Por Abraham Ramírez Castillo
En los ochentas, mi casa estaba rodeada casi totalmente de terrenos baldíos, y en ellos encontrábamos colecciones impresionantes de bichos: desde escarabajos tornasolados hasta grillos gigantes cara de niño; mariquitas rojas, verdes, naranjas y amarillas. Ratas, ratones, lagartijas de distintos tamaños, caracoles, sapos, ranitas de colores, renacuajos, arañas enormes, mariposas y víboritas grises e inofensivas, a las que papá les decía 'víboras de agua'. De vez en cuando, encontrábamos juguetes o cosas útiles, como botellas de ron y otras bebidas, de las que rompíamos las boquillas para sacarles las canicas. Cuando salíamos a jugar por las tardes, después de hacer las tareas, era un poco como ir al campo.
Las calles no estaban pavimentadas; eran una hermosa combinación de dunas desérticas, en época seca; y pantanos cenagosos en temporada de lluvias. Podíamos saltar 'montañas de tierra' en bicicleta, o navegar con barcos pirata en ríos gigantes de agua encharcada. Era muy divertido jugar con los niños de las casas cercanas. Formábamos una pandilla bastante nutrida de traviesos y felices chamaquitos.

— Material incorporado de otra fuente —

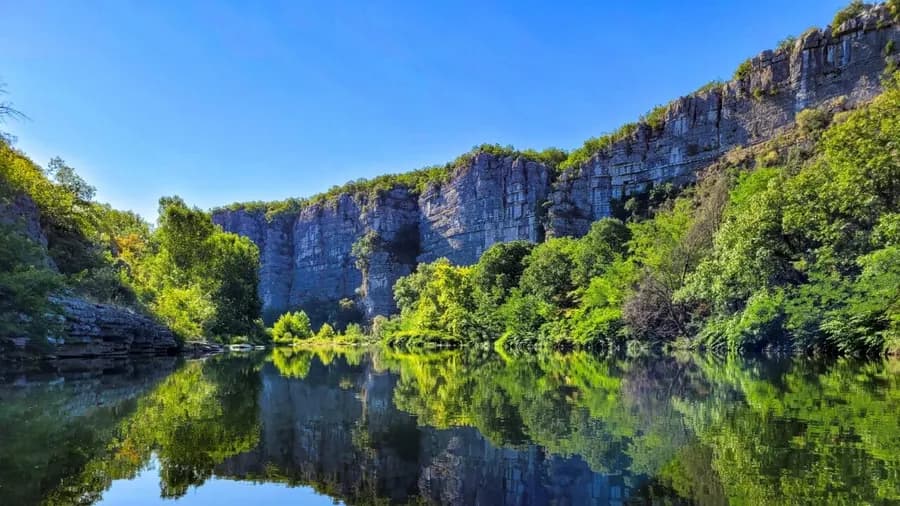 Camping Lou Rouchetou — Camping vanlife à Cabrerets, Occitanie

Es casi como si estuviera viéndolo mientras escribo. Una tarde, que fácilmente éramos diez o más chavitos muy contentos jugando 'polis y ratas', vimos que, a unos veinte metros de nosotros, sobre la 28 norte; una camioneta datsun de la Wonder se detenía en uno de los baldíos. El chofer se bajó con prisa, y del mismo modo abrió las puertas de la caja trasera. De ahí, como en un concurso de Chabelo, comenzaron a caer, en una cascada de colores y sabores; twinkys de vainilla, twinkys de fresa, twinkys de chocolate, chocotorros y otros pastelitos que la marca Wonder producía entonces. El chofer, que seguía muy apresurado, regresó a la cabina y de un arrancón se alejó y se perdió de vista. Todos nosotros estábamos con los ojos muy abiertos y procesando lo sucedido. En manada nos acercamos a ver, y alguno de los mayores recogió un paquetito, lo abrió, lo probó y dijo: ¡están re buenos! De inmediato todos empezamos a recoger, abrir y comer. Nos atrevimos, nos alocamos, nos llenamos y nos volvimos empresarios. Como ya habíamos abierto tantos, checamos que la fecha de caducidad aún no llegaba y sacamos una mesita para ofrecer nuestra dulce mercancía a los transeúntes y automovilistas que llegaban a pasar. Vendimos bastantes. Negocio redondo. Cuando ya se hacía tarde, como sobraban todavía, empezó, y no me avergüenza decirlo; la más épica y genial batalla de pastelitos de la historia. Aún recuerdo las corretizas. Pastelazo por aquí, pastelazo por allá. Twnky de chocolate en la cara, de fresa en la ropa, de vainilla en el cabello. Una de las más memorables experiencias de nuestra infancia.
A la mañana siguiente, cuando salimos muy temprano con papá hacia la escuela, todavía, mis hermanitos y yo, pudimos ver con orgullo los vestigios salvajes de nuestra gloriosa batalla. Había pastelitos embarrados por todos lados y sin embargo, ninguno de los adultos pareció darse cuenta, nunca; de lo ocurrido esa esponjosa tarde.